Ce léger coquillage, que vous tenez entre vos doigts, va procurer à votre sens du goût une jouissance délicate d'une seconde: ne vous dit-il rien de plus? peut être non! Mais que de souvenirs il évoque dans l'esprit du voyageur!
Il le transporte dans la petite ville de Cancale, d'où le regard embrasse un si vaste horizon; sur ce rocher à peine haut de 50 mètres, et plus célèbre cependant que des milliers de monts superbes, sans nom et sans histoire, épars sur le globe. En bas, voici le port de Cancale, le village de la Houle, presque aussi populeux que la ville. Là se succèdent à toute heure des scènes d'études qui intéressent aussi bien l'artiste que le savant: c'est là que M. Eugène Feyen a vu cette longue procession de jeunes femmes et de jeunes filles, rapportant des bateaux ce que la drague a moissonné au fond de la mer.
Il y a du charme dans cette scène villageoise, et le regard se repose avec plaisir sur ces sveltes et sereines figures se mouvant, non sans une grâce qui n'a rien d'affecté, dans ce beau cadre du ciel et de la mer que dorent les douces heures d'un soir d'automne.
L'artiste n'eût peut être pas trouvé sur ce rivage, il y a quinze ou vingt ans, une inspiration aussi heureuse. Vers ce temps, les pêcheurs ne ramenaient souvent au port que des bateaux vides. L'inquiétude attristait leurs familles: les bancs se dépeuplaient. On accusait les ennemis naturels de l'huître, l'hermelle, ver à sang rouge, le bigorneau perceur, l'anomie; mais il fallait bien reconnaître que le plus terrible ravageur des bancs était cet impitoyable couteau de la drague, qui, raclant brutalement le fond de la mer, arrache tout ce qu'il y rencontre, ou envase et fait périr les jeunes mollusques, espoir des pêches futures.
On dut songer sérieusement à prévenir la ruine d'une industrie si précieuse. Un savant, M. Coste, proposa d'emprunter aux anciennes traditions les moyens de repeupler les bancs, en pavant le fond des baies d'écailles d'huîtres ou en y coulant des fascines pour aider la semence ou le "naissain" à s'y fixer. On eut aussi recours à des règlements plus sages sur le mode et sur les saisons de pêche, sur les coupes réglées des exploitations par zones successives. A Cancale, toutes les huîtres qui n'ont pas la taille déterminée par les règlements sont réservées pour être élevées dans les parcs et les étalages. Grâce à ces divers moyens, on espère arrêter le déclin des bancs.

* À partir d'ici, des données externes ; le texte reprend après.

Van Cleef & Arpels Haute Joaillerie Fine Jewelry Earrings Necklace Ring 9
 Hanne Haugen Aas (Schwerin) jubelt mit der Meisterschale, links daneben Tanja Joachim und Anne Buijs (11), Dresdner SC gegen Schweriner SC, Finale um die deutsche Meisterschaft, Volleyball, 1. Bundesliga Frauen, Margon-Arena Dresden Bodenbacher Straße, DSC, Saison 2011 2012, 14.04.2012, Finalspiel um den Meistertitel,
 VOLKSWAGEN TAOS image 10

Certes, il y a sur la terre et dans la terre, dans l'air, dans les fleuves et les mers, plus de richesses qu'il n'en faut pour servir à l'alimentation de tous les habitants du globe; mais elles se répartissent entre eux inégalement, en proportion de ce qu'ils ont de culture intellectuelle et morale. La paresse et l'ignorance ne s'enrichissent guère; l'imprévoyante cupidité dissipe et détruit; le travail intelligent et prudent sait seul, non-seulement s'approprier les biens naturels, mais aussi les préserver et les accroître.
Le Magasin pittoresque, janvier 1875.